*Goal of the exercise:* Every line holding the string "Hello" should be copied from the listing.

*Provided data:*
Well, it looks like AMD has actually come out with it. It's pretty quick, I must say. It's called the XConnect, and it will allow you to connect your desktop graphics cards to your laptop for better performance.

==

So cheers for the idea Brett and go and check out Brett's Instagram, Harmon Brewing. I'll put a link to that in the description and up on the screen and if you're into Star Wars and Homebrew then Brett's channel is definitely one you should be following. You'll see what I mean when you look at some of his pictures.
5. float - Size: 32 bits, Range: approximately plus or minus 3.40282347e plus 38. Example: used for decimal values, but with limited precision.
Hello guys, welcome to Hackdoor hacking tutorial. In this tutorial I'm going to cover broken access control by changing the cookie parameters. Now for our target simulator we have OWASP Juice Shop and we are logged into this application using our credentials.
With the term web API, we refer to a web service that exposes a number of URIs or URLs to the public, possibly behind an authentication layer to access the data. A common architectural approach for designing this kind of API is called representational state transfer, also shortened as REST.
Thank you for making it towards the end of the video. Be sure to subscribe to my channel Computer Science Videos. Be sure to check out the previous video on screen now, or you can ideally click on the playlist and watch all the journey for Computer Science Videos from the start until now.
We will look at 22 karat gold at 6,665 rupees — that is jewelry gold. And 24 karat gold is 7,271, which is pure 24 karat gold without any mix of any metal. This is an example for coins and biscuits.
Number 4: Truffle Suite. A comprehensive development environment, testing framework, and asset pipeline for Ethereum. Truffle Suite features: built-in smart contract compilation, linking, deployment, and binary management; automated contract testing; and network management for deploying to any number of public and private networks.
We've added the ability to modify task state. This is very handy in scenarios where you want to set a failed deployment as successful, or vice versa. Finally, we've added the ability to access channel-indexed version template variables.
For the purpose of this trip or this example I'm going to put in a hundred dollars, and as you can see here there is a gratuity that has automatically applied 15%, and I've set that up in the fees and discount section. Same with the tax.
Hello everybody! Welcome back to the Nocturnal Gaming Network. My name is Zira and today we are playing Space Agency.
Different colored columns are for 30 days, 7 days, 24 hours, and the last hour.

*Response box:*
Hello guys, welcome to Hackdoor hacking tutorial. In this tutorial I'm going to cover broken access control by changing the cookie parameters. Now for our target simulator we have OWASP Juice Shop and we are logged into this application using our credentials.
Hello everybody! Welcome back to the Nocturnal Gaming Network. My name is Zira and today we are playing Space Agency.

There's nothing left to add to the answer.